Sony will delay the release of its new PlayStation 3 video game console until early November, the president of its game unit said on Wednesday.
Ken Kutaragi, the president of Sony Computer Entertainment, the company's game division, made the announcement at the firm's annual PlayStation business briefing to software licencees.
It will launch the new consoles simultaneously in the United States, Japan and Europe, the company said. In addition, Kutaragi said that the PS3 will ship with a 60 GB hard drive included with the system and it will be backwards compatible with PS2 and PS1 games, playing them at higher resolutions than on the original hardware. Last but certainly not least, the PS3 will feature the next version of the generation HDMI digital interface, which could mean HDMI with 5.1 sound support.
No details on pricing were given at the conference.
Japanese newspapers reported earlier that the company would delay the launch of the PS3 because consumer electronics makers and movie companies were unable to reach an agreement on the development of the copy protection technology for the Blu-ray Disc drive, which is used in the console.
"A delayed PS3 launch would provide needed room for Microsoft to consolidate its early lead in fifth generation game consoles," Merrill Lynch analyst Joe Osha wrote in a report last month.
"This would be particularly true if Sony does not launch in North America and Europe until late 2006 or spring 2007, giving Microsoft a key second holiday season to sell game consoles and software," he added.
When Microsoft brought the first Xbox game console here in 2002 it was nearly two years behind Sony's PlayStation 2 and it has trailed ever since. The Xbox division has never made an annual profit.
This time Microsoft made sure it had a jump on its arch-rival by putting the Xbox 360 on the shelves in the United States in November and the following month in Sony's home market.
Even so, Japan's notoriously finicky video game players appear unconvinced by the latest Xbox, the first version of which failed to win over many Japanese consumers in part due to a lack of games that appealed to local tastes.
The new Xbox 360 has had more success in the United States, selling out within hours at some outlets and online retailers, although sceptics said this was partly because Microsoft had restricted sales to win favourable publicity.
Sony also faces a challenge from Nintendo, which aims to start selling its next-generation video game console, named Revolution, later this year.
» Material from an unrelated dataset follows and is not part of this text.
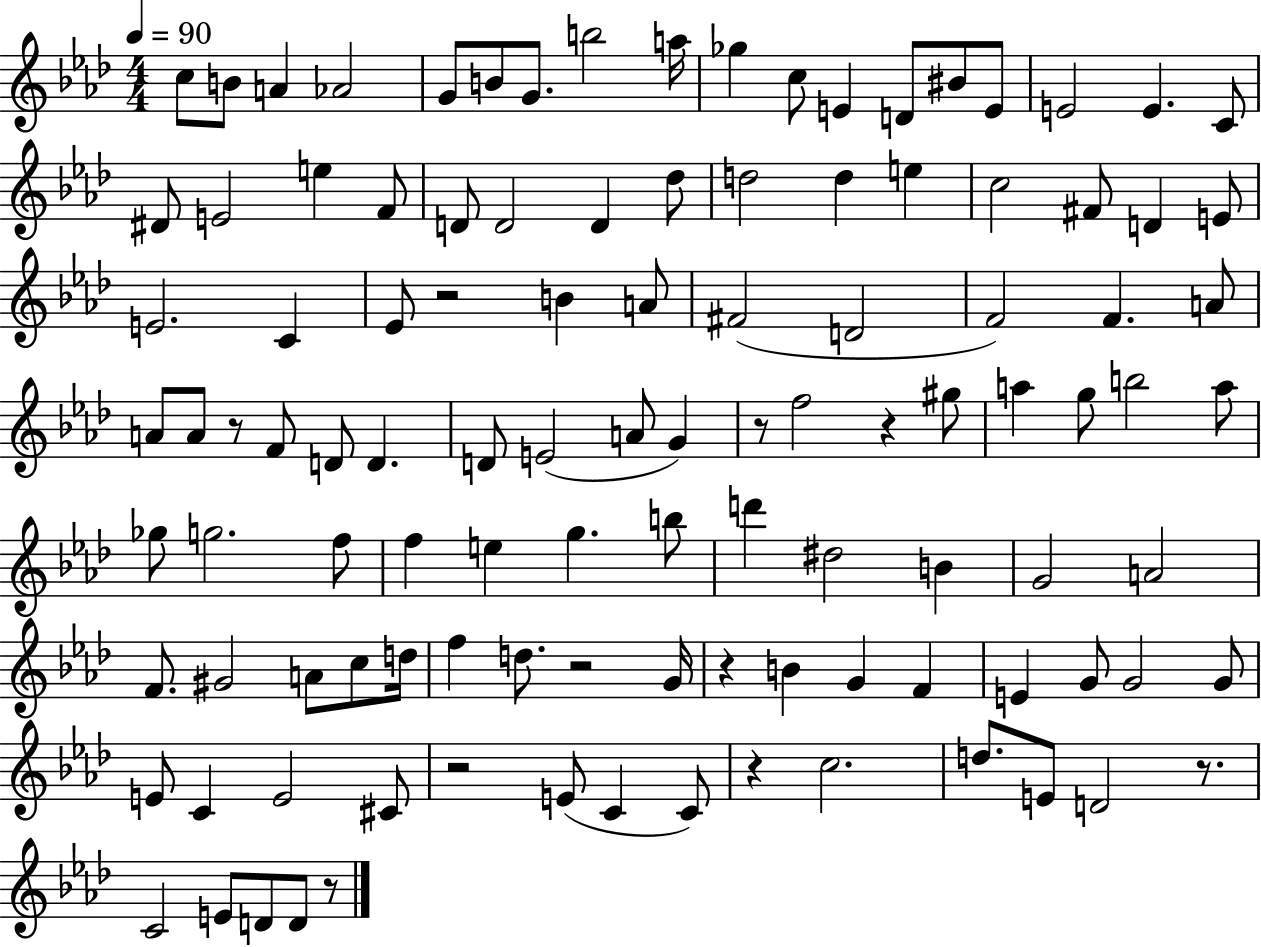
C5/e B4/e A4/q Ab4/h G4/e B4/e G4/e. B5/h A5/s Gb5/q C5/e E4/q D4/e BIS4/e E4/e E4/h E4/q. C4/e D#4/e E4/h E5/q F4/e D4/e D4/h D4/q Db5/e D5/h D5/q E5/q C5/h F#4/e D4/q E4/e E4/h. C4/q Eb4/e R/h B4/q A4/e F#4/h D4/h F4/h F4/q. A4/e A4/e A4/e R/e F4/e D4/e D4/q. D4/e E4/h A4/e G4/q R/e F5/h R/q G#5/e A5/q G5/e B5/h A5/e Gb5/e G5/h. F5/e F5/q E5/q G5/q. B5/e D6/q D#5/h B4/q G4/h A4/h F4/e. G#4/h A4/e C5/e D5/s F5/q D5/e. R/h G4/s R/q B4/q G4/q F4/q E4/q G4/e G4/h G4/e E4/e C4/q E4/h C#4/e R/h E4/e C4/q C4/e R/q C5/h. D5/e. E4/e D4/h R/e. C4/h E4/e D4/e D4/e R/e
Ken Kutaragi also unveiled Sony's plans to release a series of add-ons for the popular PSP portable game console. The company will offer a version of the PS2's popular EyeToy product. Also on offer is a PlayStation 1 emulator for the PSP. Sony will offer PS1 games for download on the PSP at a low price. The titles will not contain large amounts of full-motion video, so that they can be stored in the PSP's Memory Stick.
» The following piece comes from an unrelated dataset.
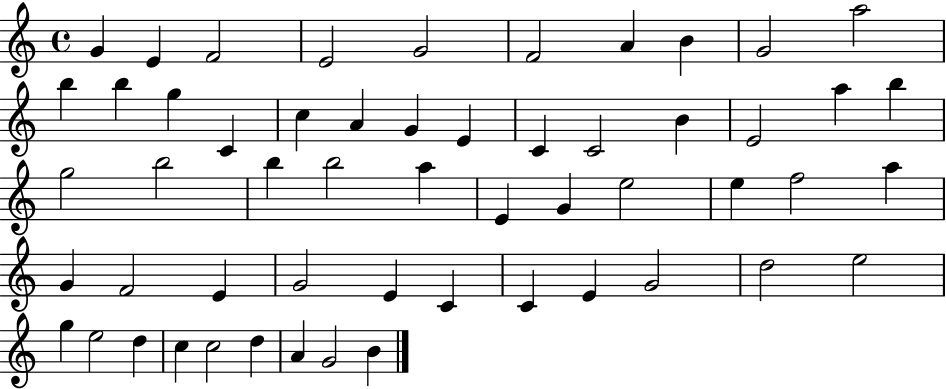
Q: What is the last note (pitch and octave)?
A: B4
The PSP is scheduled for a firmware update this spring, with plans for a videophone and VoIP capability, as well as a Global Positioning System (GPS) add-on module. In addition, the next version of the PSP web browser will feature Flash support.
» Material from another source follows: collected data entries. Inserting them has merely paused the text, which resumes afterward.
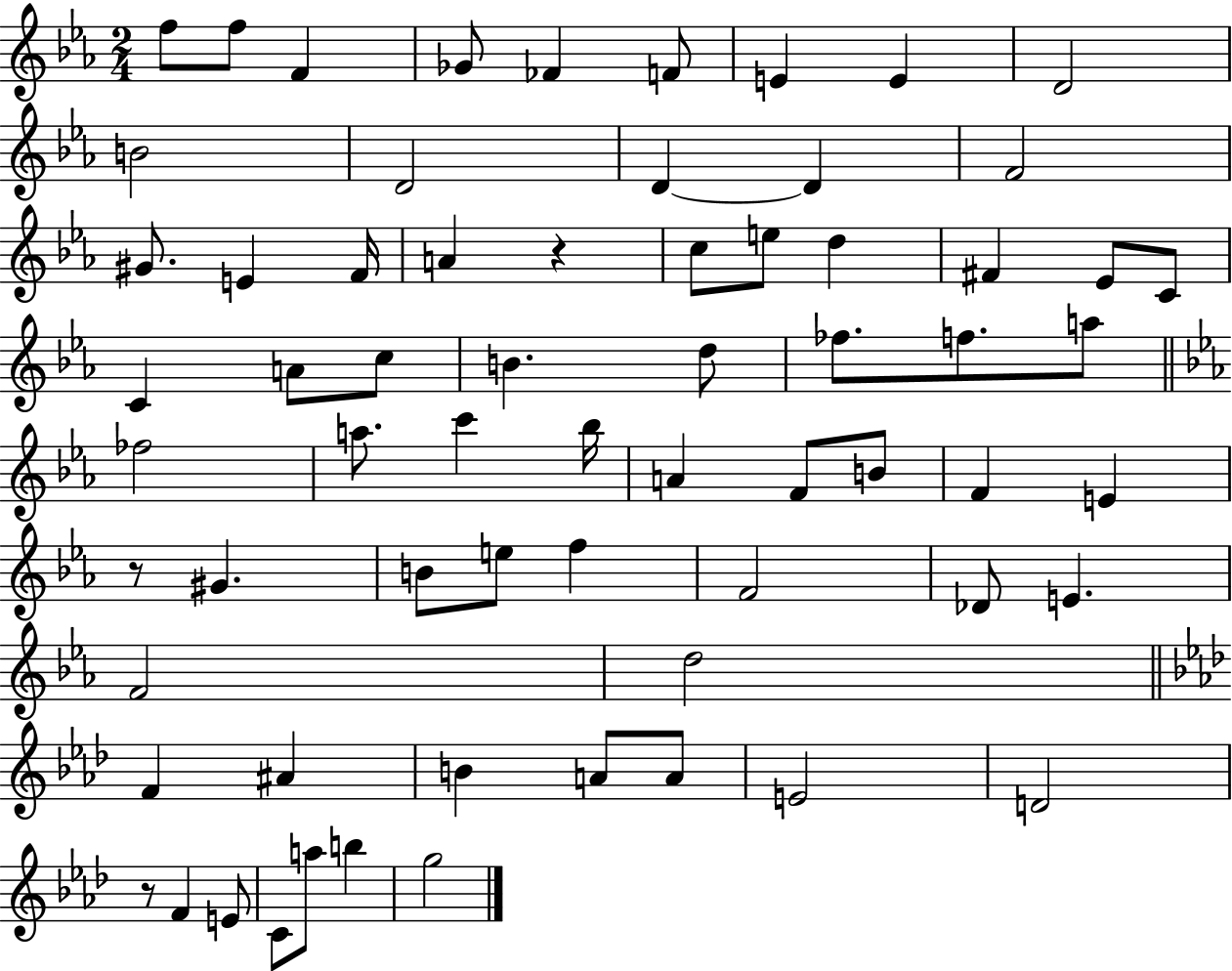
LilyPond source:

{
  \clef treble
  \numericTimeSignature
  \time 2/4
  \key ees \major
  f''8 f''8 f'4 | ges'8 fes'4 f'8 | e'4 e'4 | d'2 | \break b'2 | d'2 | d'4~~ d'4 | f'2 | \break gis'8. e'4 f'16 | a'4 r4 | c''8 e''8 d''4 | fis'4 ees'8 c'8 | \break c'4 a'8 c''8 | b'4. d''8 | fes''8. f''8. a''8 | \bar "||" \break \key ees \major fes''2 | a''8. c'''4 bes''16 | a'4 f'8 b'8 | f'4 e'4 | \break r8 gis'4. | b'8 e''8 f''4 | f'2 | des'8 e'4. | \break f'2 | d''2 | \bar "||" \break \key aes \major f'4 ais'4 | b'4 a'8 a'8 | e'2 | d'2 | \break r8 f'4 e'8 | c'8 a''8 b''4 | g''2 | \bar "|."
}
Following Kutaragi's comments, Sony Computer Entertainment America today announced that it will release a new PSP hardware package available for a suggested retail price of $199.99.
Consumers will be able to purchase the new PSP system at this price, complete with AC adaptor and battery, beginning March 22nd.
A new lineup of PSP games will be released over the next few months by first and third party developers and publishers around the world titles such as Daxter, Syphon Filter: Dark Mirror, Tom Clancy's Splinter Cell Essentials, Monster Hunter: Freedom, Me and My Katamari and more.